What this task involves => Restate each line below word for word, skipping every picture.

Data extract =>
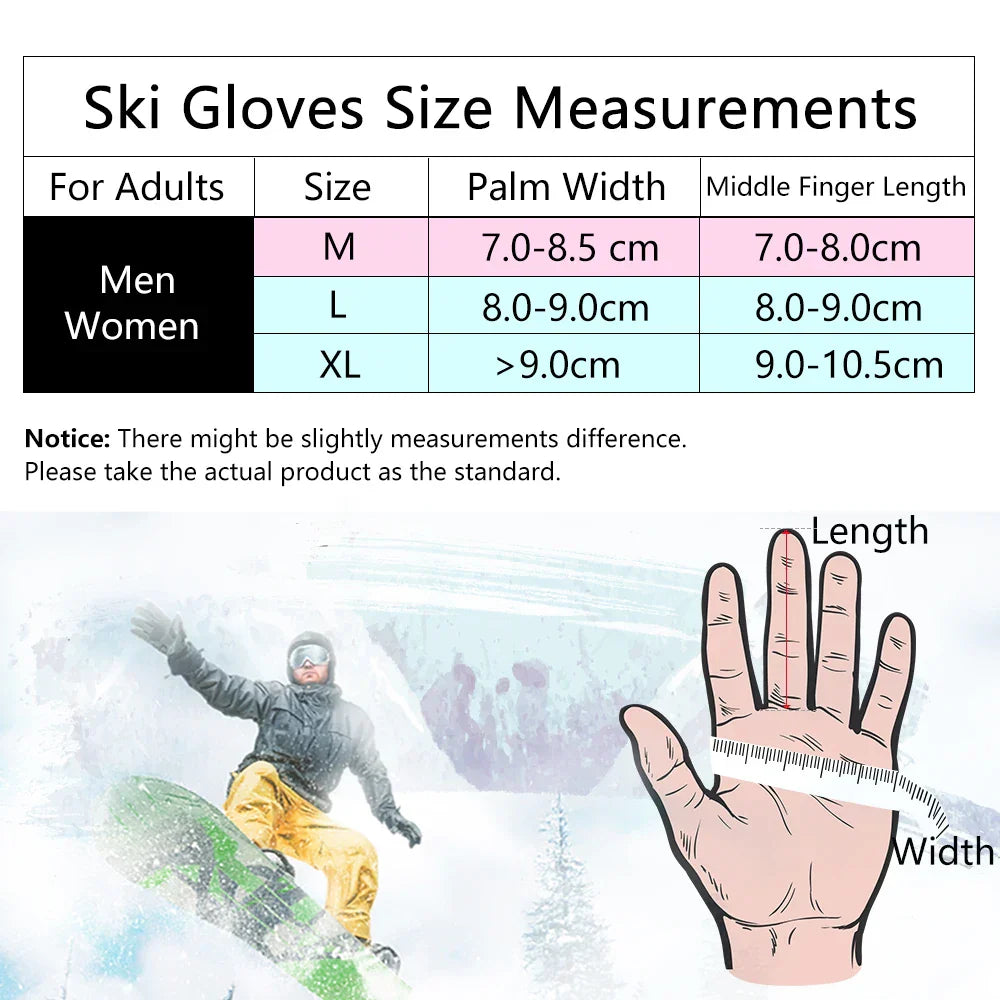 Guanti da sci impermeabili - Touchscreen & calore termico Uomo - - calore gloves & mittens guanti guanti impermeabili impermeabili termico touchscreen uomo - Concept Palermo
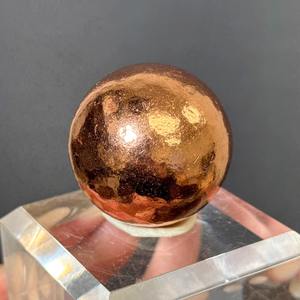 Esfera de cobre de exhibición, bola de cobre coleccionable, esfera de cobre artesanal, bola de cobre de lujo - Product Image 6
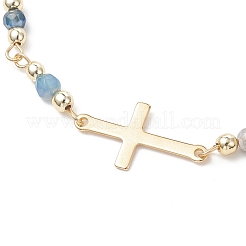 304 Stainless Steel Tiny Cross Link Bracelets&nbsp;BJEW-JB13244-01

Solution to the problem =>
 Guanti da sci impermeabili - Touchscreen & calore termico Uomo - - calore gloves & mittens guanti guanti impermeabili impermeabili termico touchscreen uomo - Concept Palermo
 Esfera de cobre de exhibición, bola de cobre coleccionable, esfera de cobre artesanal, bola de cobre de lujo - Product Image 6
 304 Stainless Steel Tiny Cross Link Bracelets&nbsp;BJEW-JB13244-01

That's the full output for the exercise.